Premier Philippe Couillard has also promised to work closely with the Parti Québécois and the Coalition Avenir Québec to pass the watered-down secularism bill that has been on the table for years. The law would ban employees and people receiving services in public institutions from covering their faces. Religious neutrality would be enforced in daycares and schools, and accommodations based on religion would be limited. There is no mention of Islam or Muslims in the proposed law, but like the Charter of Values that preceded it, the bill is a thinly veiled attack on a small number of Muslim women and Orthodox Jews.

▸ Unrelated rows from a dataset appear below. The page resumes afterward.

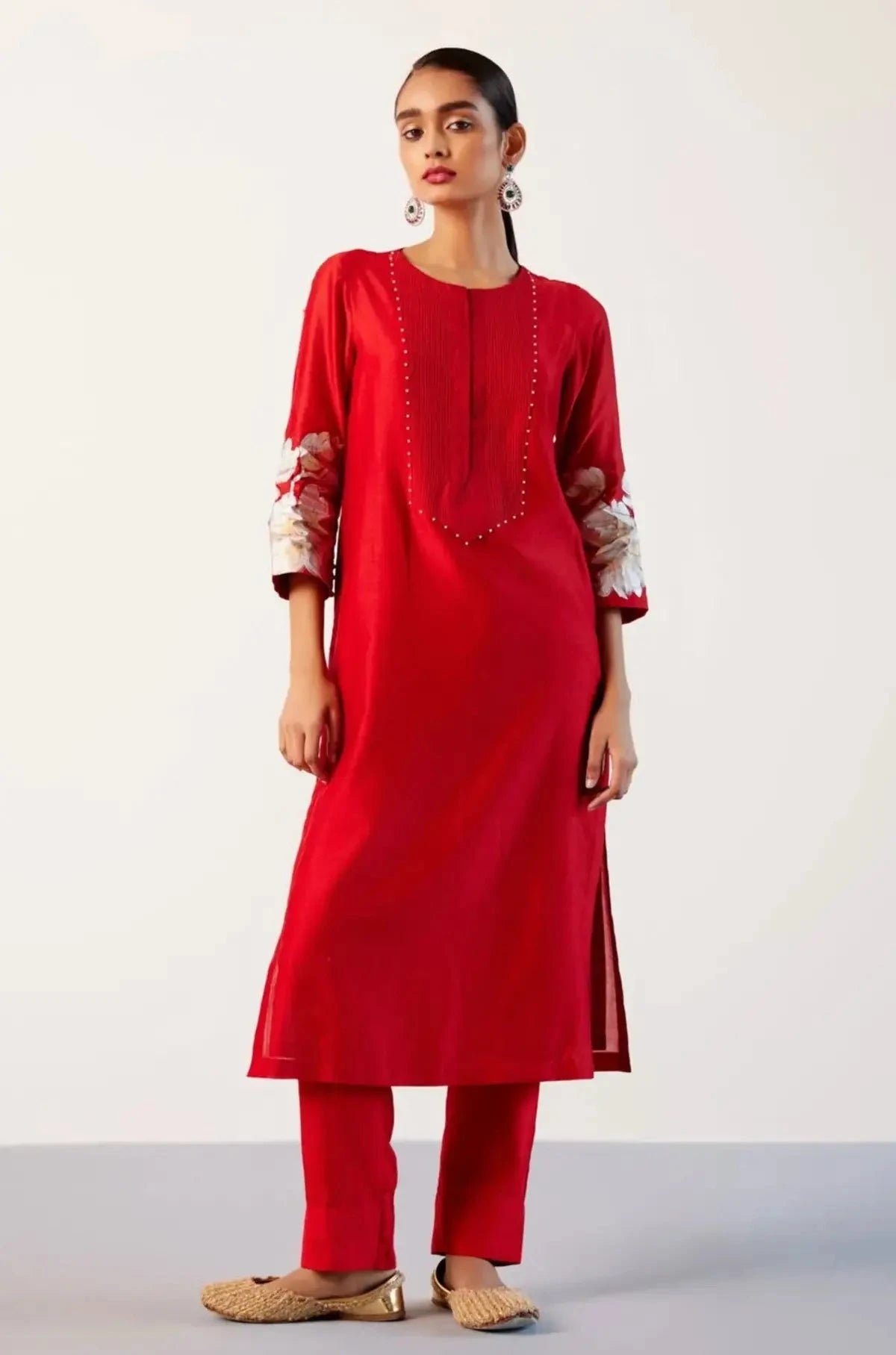 Red Silk Chanderi Hand-Painted Kurta Set - Pallodstore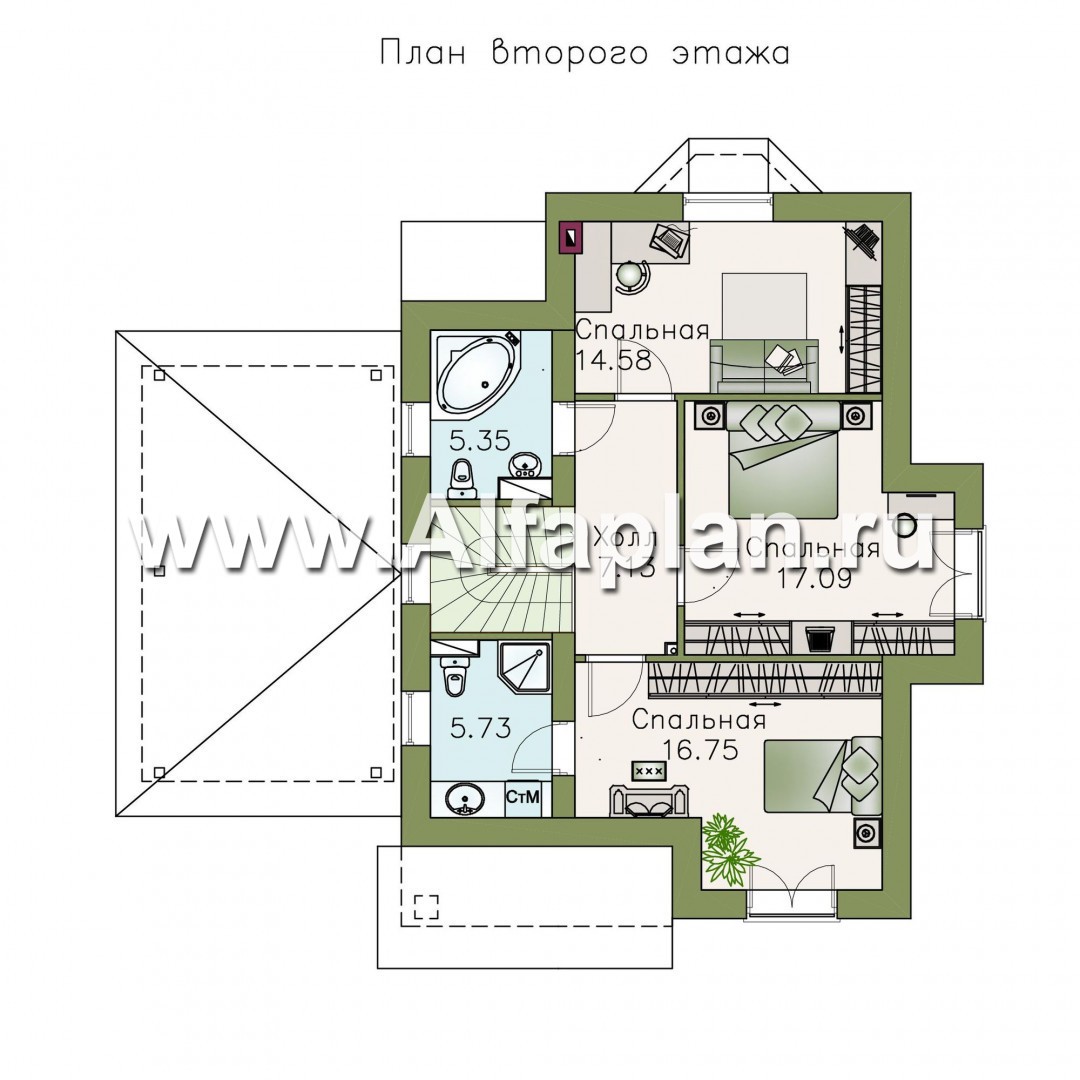 Проекты домов Альфаплан - «Менестрель» - коттедж для узкого участка - план проекта №2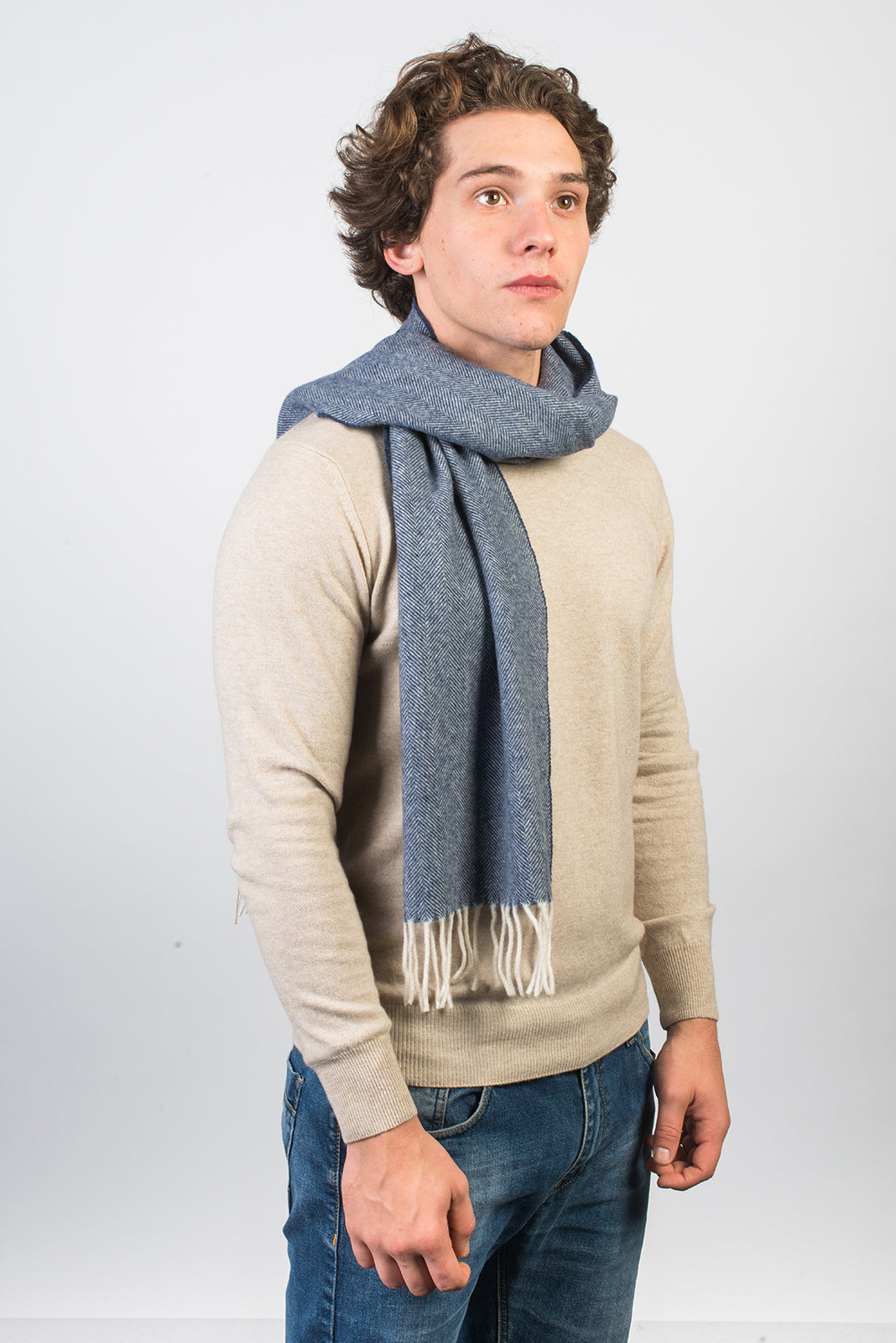 Blue Herringbone Wool and Cashmere Scarf, view 2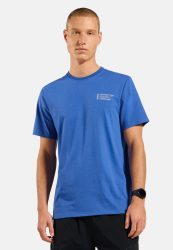 Odlo Cotton Blend Unlimited T-Shirt für Herren - Wandern, Casual Comfort - blau, S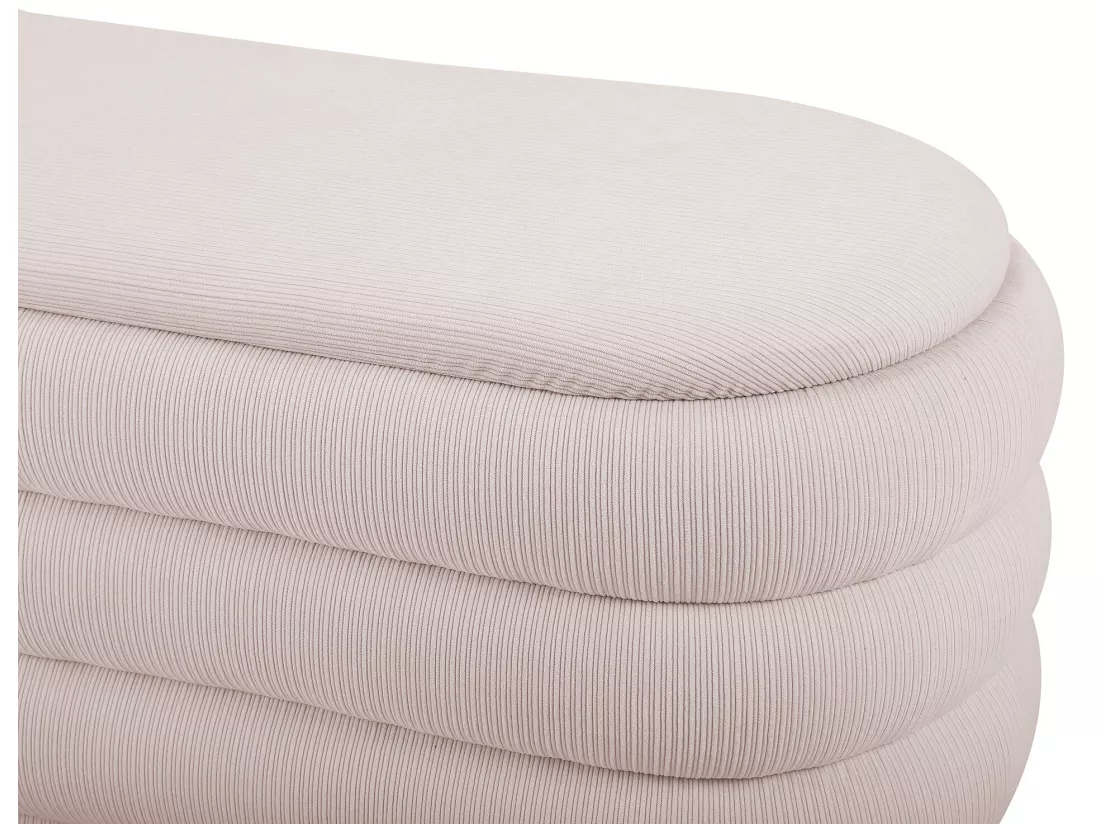 Banc coffre - Velours côtelé - Crème - ECAMBI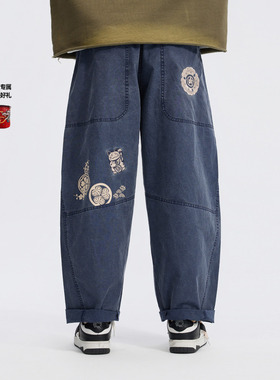 ONIARAI/鬼洗26春季棒系列招财猫水洗宽松廓形弯腿长裤男 26N4402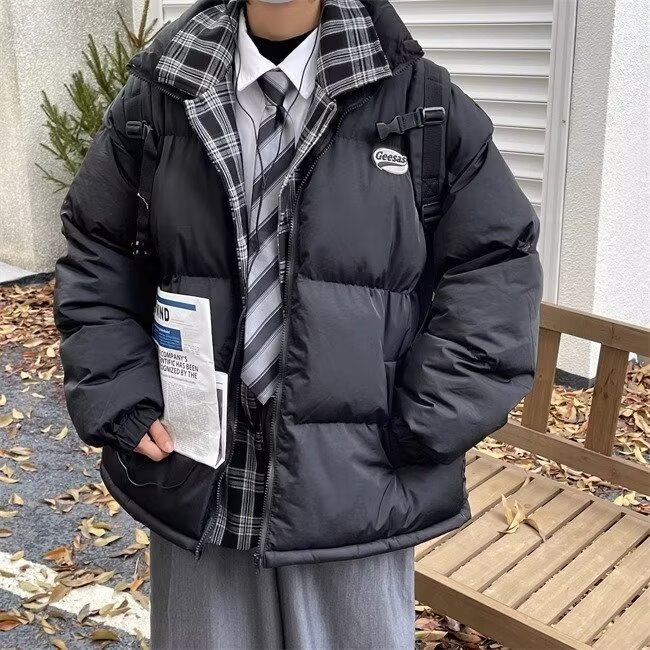 F614P88美式复古宽松防风面包服设计感拼接格子翻领棉服加厚外套,男装棉衣,星座512-6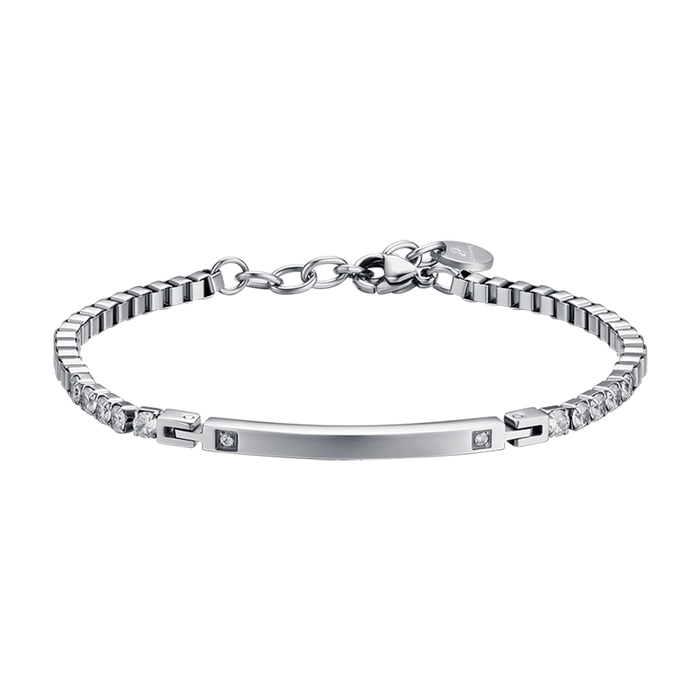 MEN'S BRACELET IN STEEL WITH PLATE AND WHITE CRYSTALS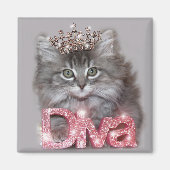 Diva Kitty with a Tiara Magnet (Vorne)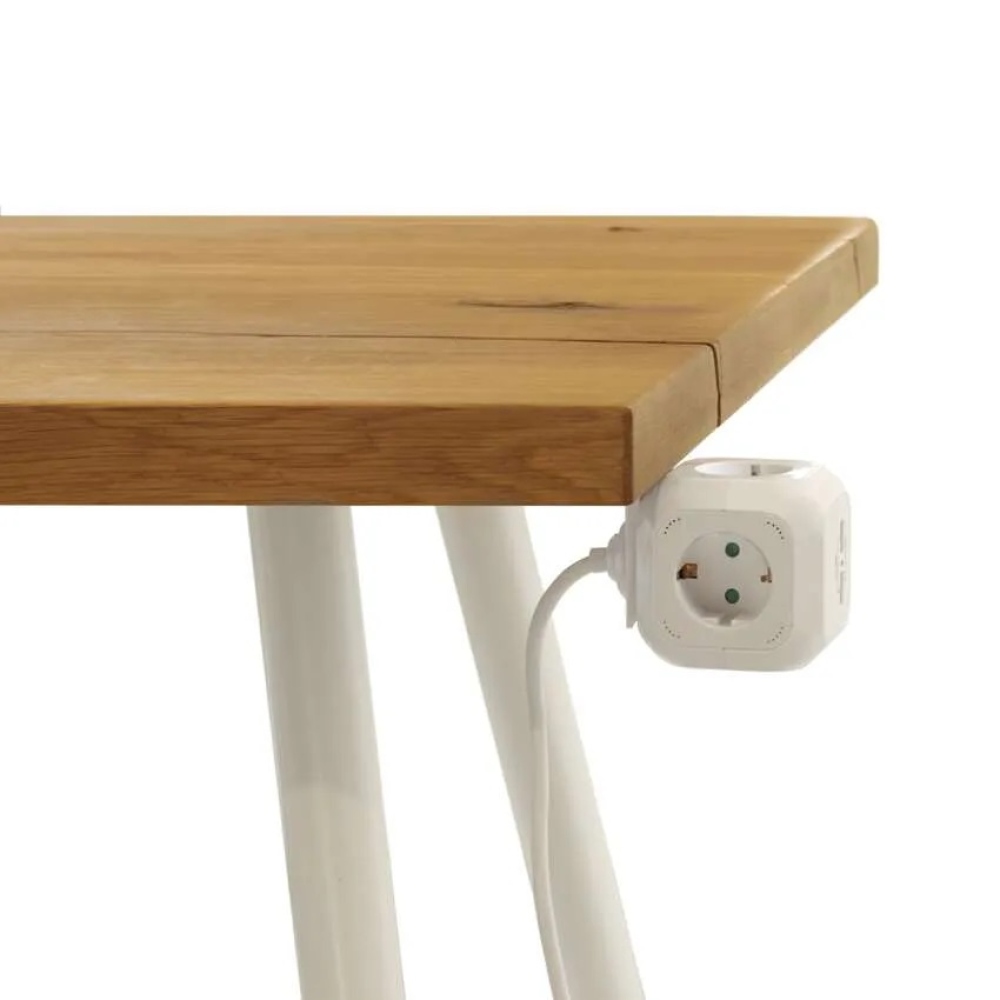 Hosszabbító kábel - kocka 1,9 m / 4 aljzat / fehér / PVC / USB-vel / 1,5 mm2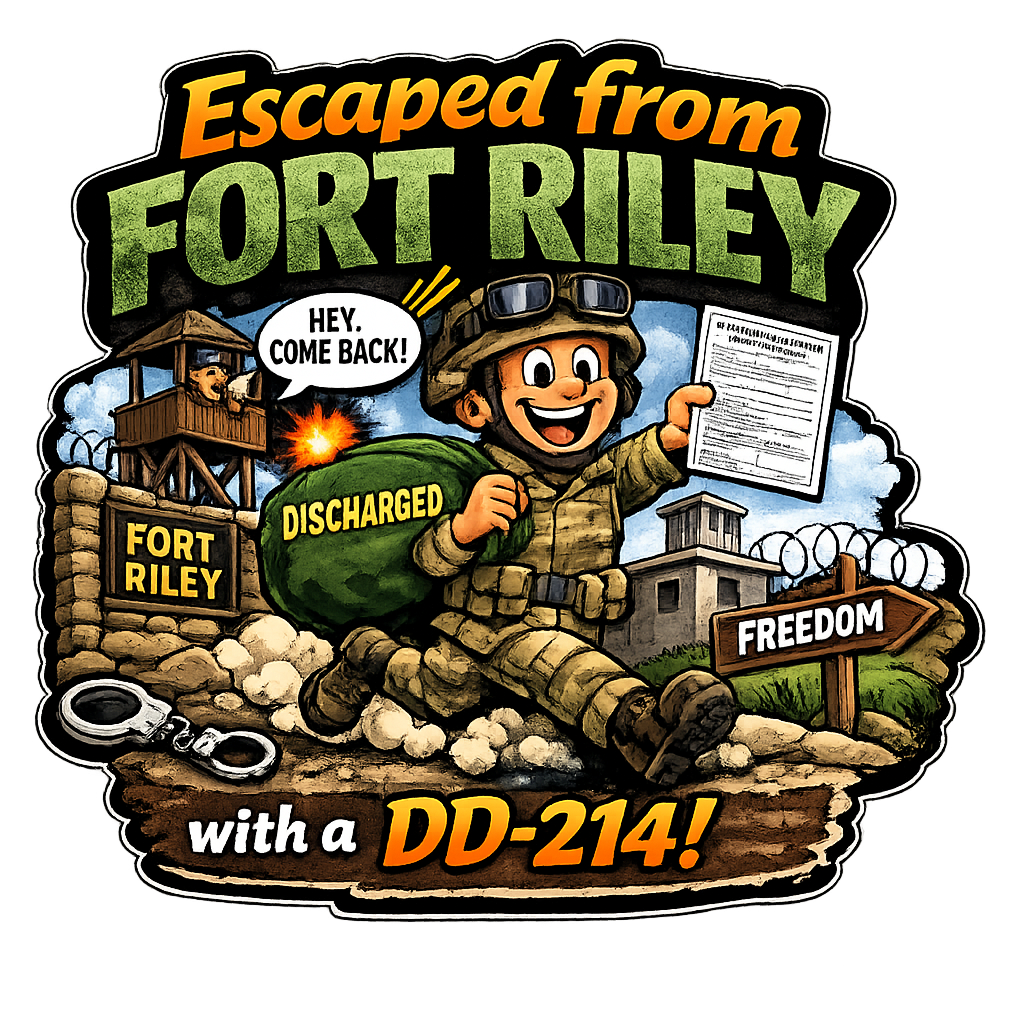 Escaped Fort Riley With a DD‑214 Sticker Male Soldier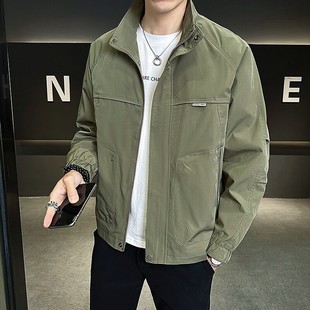 Data Jacket Men's Youth Spring and Autumn Casual Men's Jacket New Style Collar Top Black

When the attention brought on by the shooting fades, it seems likely that Quebec politics and media will isolate themselves from the rest of Canada again. The talk shows and columns live because there is an audience: Radio X and FM93 are the most listened to stations in Quebec. And four days after vigils drew Canadians into the streets, another mosque was vandalized in Montreal.
But some Quebec commenters are beginning to think about this issue more deeply. One radio host made a plea for columnists to build bridges with the Muslim community. “We speak about them often . . . We talk about their faith, we talk about Islam, we denounce radical Islam,” he said. “Do we speak to them? Not enough.” Online groups have also reflected on their role in inspiring violence. The Facebook page “Pas d’Islam radical et de charia au Québec” had garnered 6,000 likes by regularly posting articles demonizing Muslims, women in hijab, as well as videos and messages by PEGIDA-Québec and the leader of France’s far-right Front National party, Marine Le Pen. Days after the attack, the page’s moderator said her position on secularism in Quebec hadn’t changed, but she promised to delete the page she had set up three years ago. “I have no interest in striking another match for a crackpot,” she said.